Task requirements: A faithful copy of all the data is required; pictures should not be included.

================

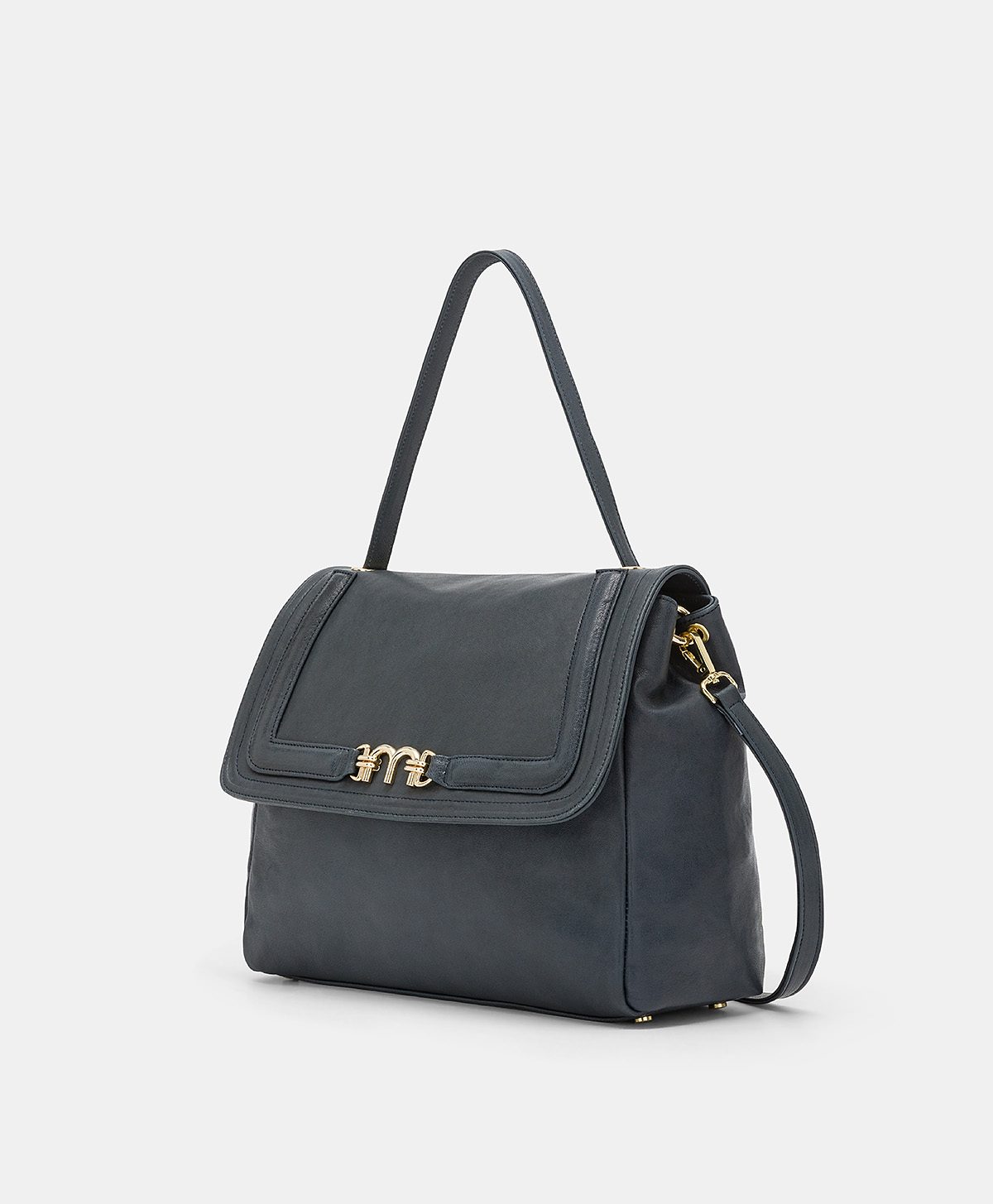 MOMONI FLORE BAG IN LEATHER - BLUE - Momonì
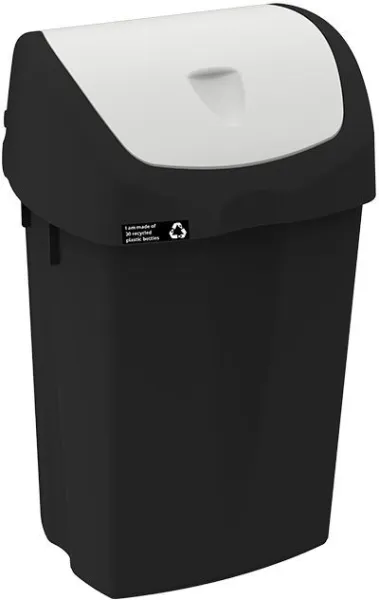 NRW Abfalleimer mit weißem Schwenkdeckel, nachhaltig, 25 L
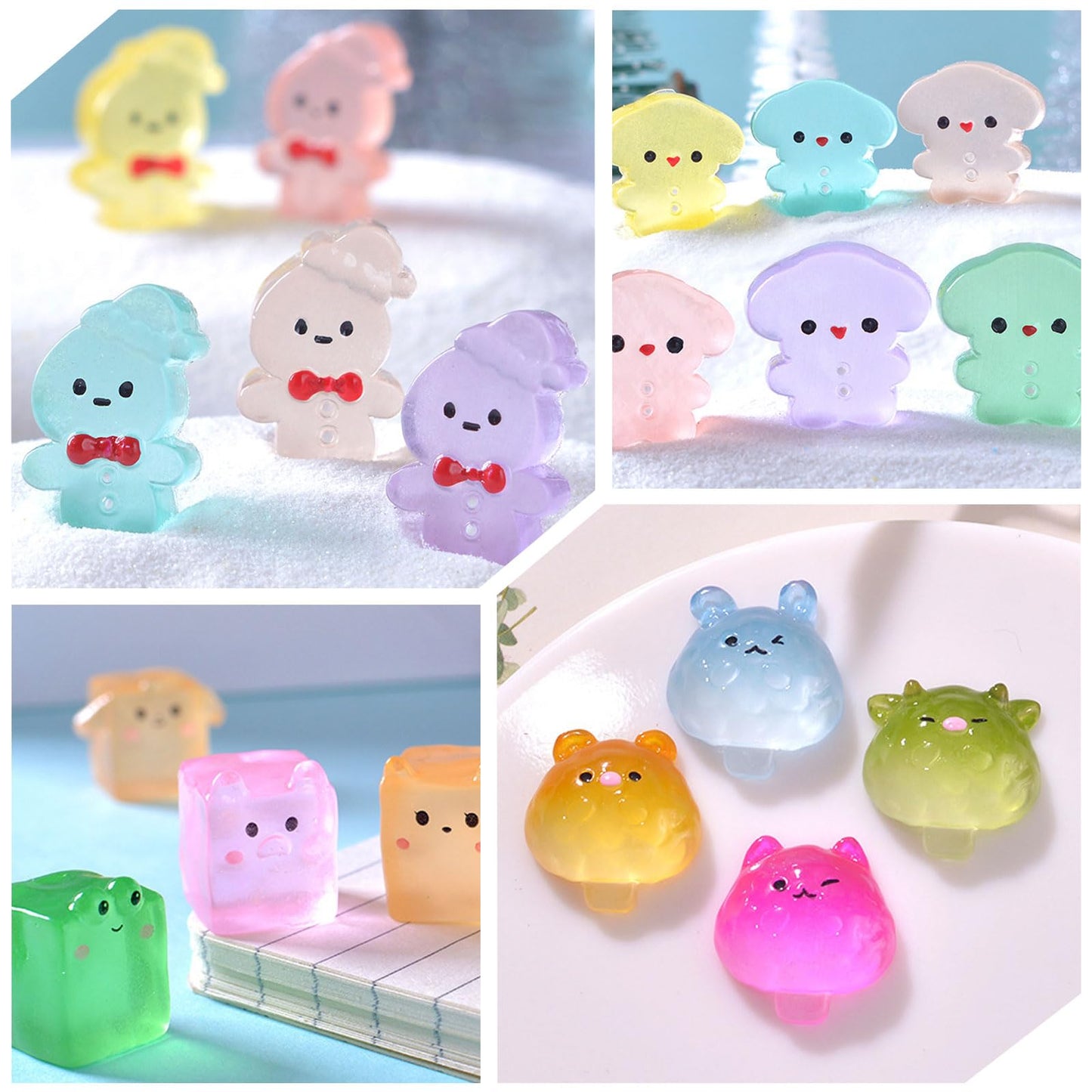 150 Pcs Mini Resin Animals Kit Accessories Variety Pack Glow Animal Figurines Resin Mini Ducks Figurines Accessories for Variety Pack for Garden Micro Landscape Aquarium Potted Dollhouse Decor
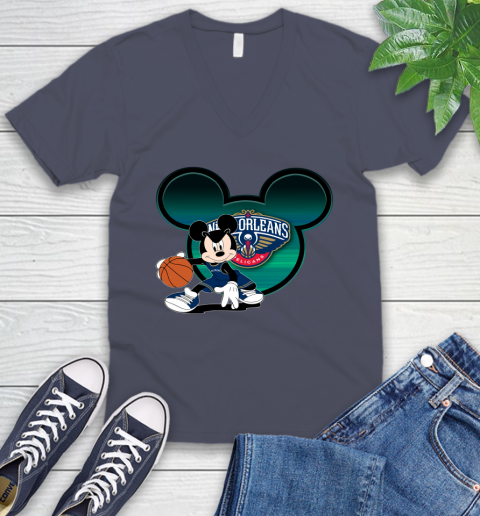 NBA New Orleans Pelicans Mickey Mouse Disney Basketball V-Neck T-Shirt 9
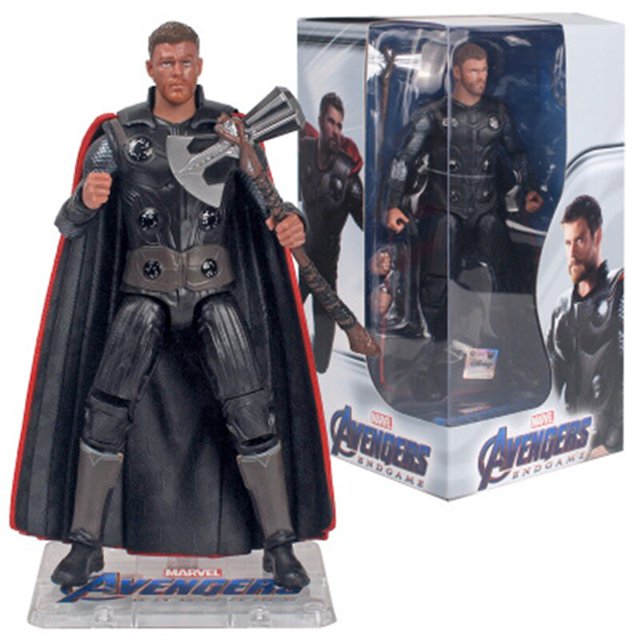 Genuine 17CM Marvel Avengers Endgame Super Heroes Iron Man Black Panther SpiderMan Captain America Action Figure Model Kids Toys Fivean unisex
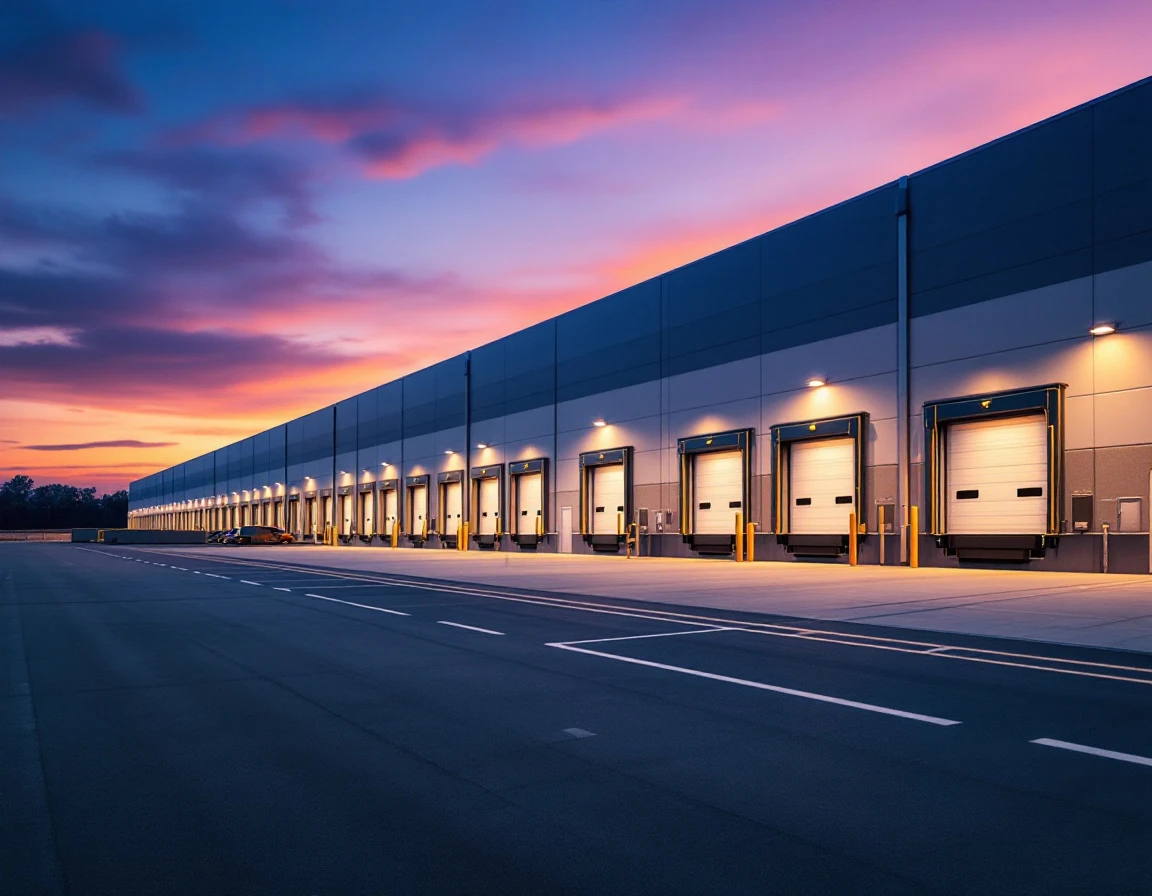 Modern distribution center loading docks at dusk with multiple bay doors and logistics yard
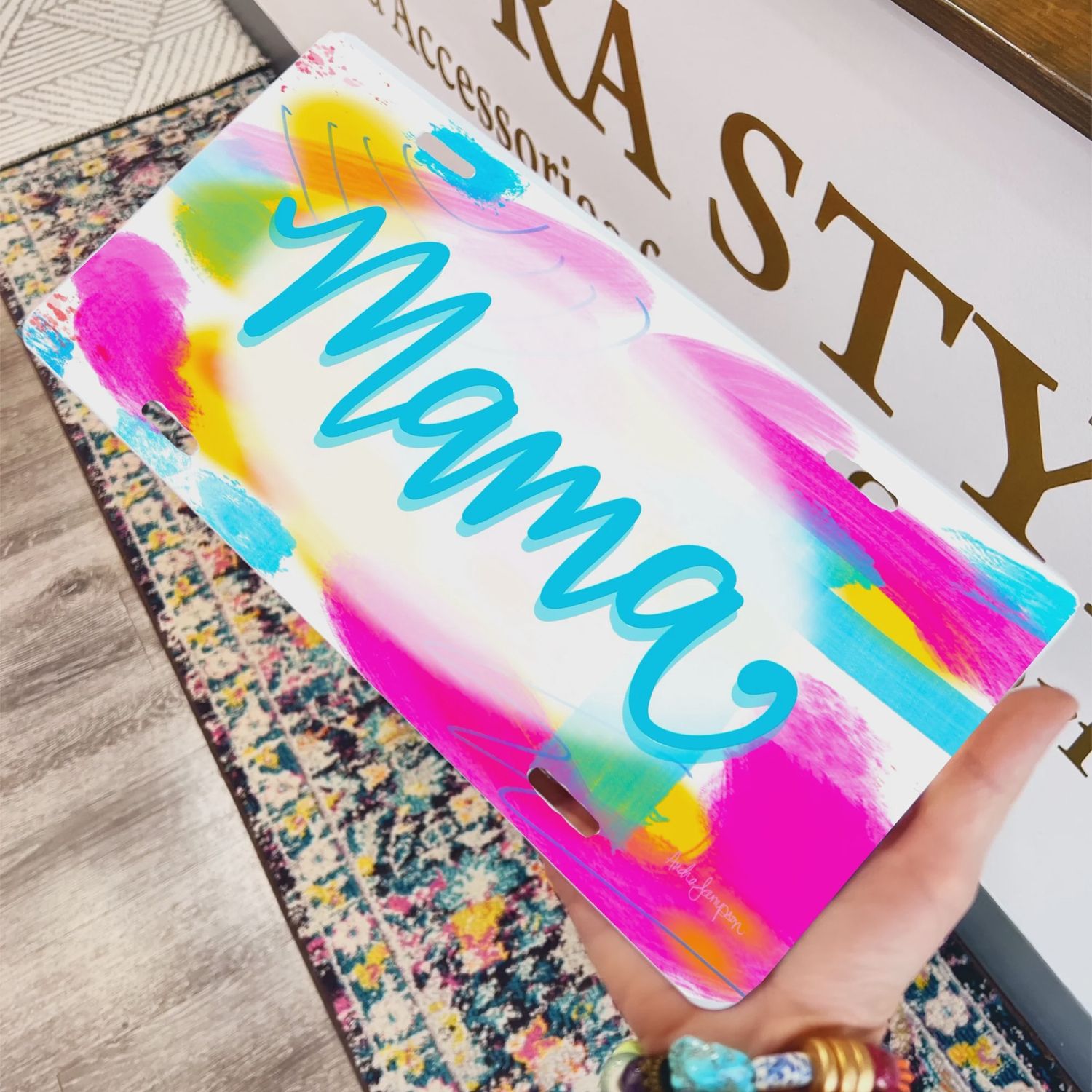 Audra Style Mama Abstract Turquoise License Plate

================

Answer to the exercise:
 MOMONI FLORE BAG IN LEATHER - BLUE - Momonì
 NRW Abfalleimer mit weißem Schwenkdeckel, nachhaltig, 25 L
 150 Pcs Mini Resin Animals Kit Accessories Variety Pack Glow Animal Figurines Resin Mini Ducks Figurines Accessories for Variety Pack for Garden Micro Landscape Aquarium Potted Dollhouse Decor
 NBA New Orleans Pelicans Mickey Mouse Disney Basketball V-Neck T-Shirt 9
 Genuine 17CM Marvel Avengers Endgame Super Heroes Iron Man Black Panther SpiderMan Captain America Action Figure Model Kids Toys Fivean unisex
 Modern distribution center loading docks at dusk with multiple bay doors and logistics yard
 Audra Style Mama Abstract Turquoise License Plate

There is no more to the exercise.